1. In August, there was a peak in patient visits for the year, with 1024 registered patients, indicating a possible seasonal trend or event-driven demand in healthcare services during this month. In contrast, January saw the lowest with 431 visits, suggesting varying healthcare utilization patterns throughout the year.

2. The distribution of patient visits between AM and PM is almost equal, with 4632 visits in the morning and 4584 in the afternoon, demonstrating a steady and balanced demand for healthcare services throughout the day.

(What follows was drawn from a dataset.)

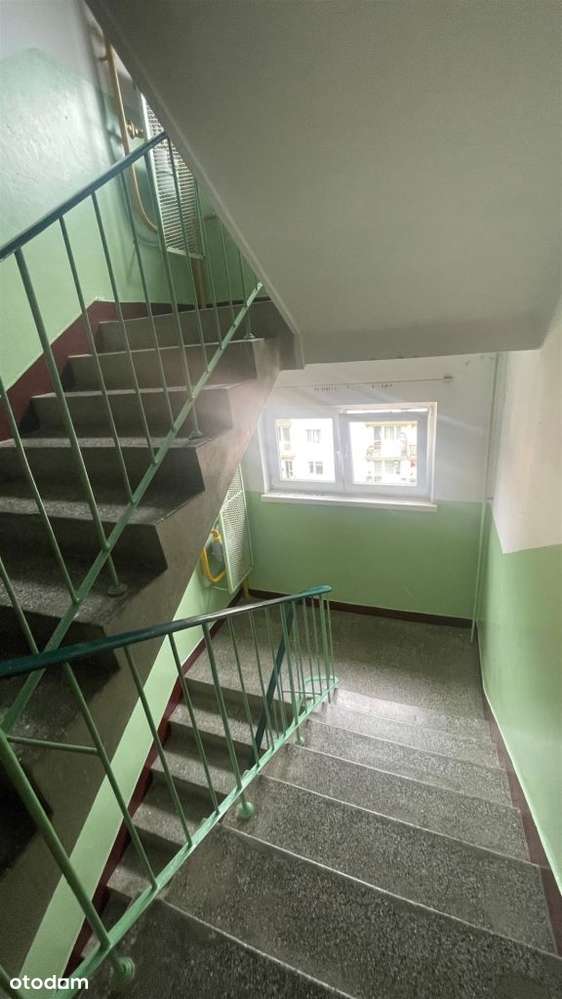 Mieszkanie, 45,50 m², Krynica-Zdrój-5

3. A significant number of patients (5400) were not referred to any specific department, illustrating a significant volume of general or non-specialized healthcare needs. Among specialized referrals, General Practice and Orthopedics were the most frequented, pointing to prevalent general health and musculoskeletal issues among the patient population.

4. There is a slight female predominance in patient visits, with females making up 51% and males 49%, reflecting a marginally higher healthcare utilization by women in the observed patient population.

5. The highest satisfaction scores are seen in the 21-30 age group, particularly among females, suggesting higher satisfaction with healthcare services in younger adults. Conversely, other age groups such as 31-40, 11-20, and those over 50 reported lower satisfaction, indicating potential areas for service improvement.

6. The over 50 age group had the highest number of visits, underscoring a greater healthcare requirement in this demographic. Conversely, the 0-10 age group had the fewest visits, highlighting lower healthcare engagement or need among younger children.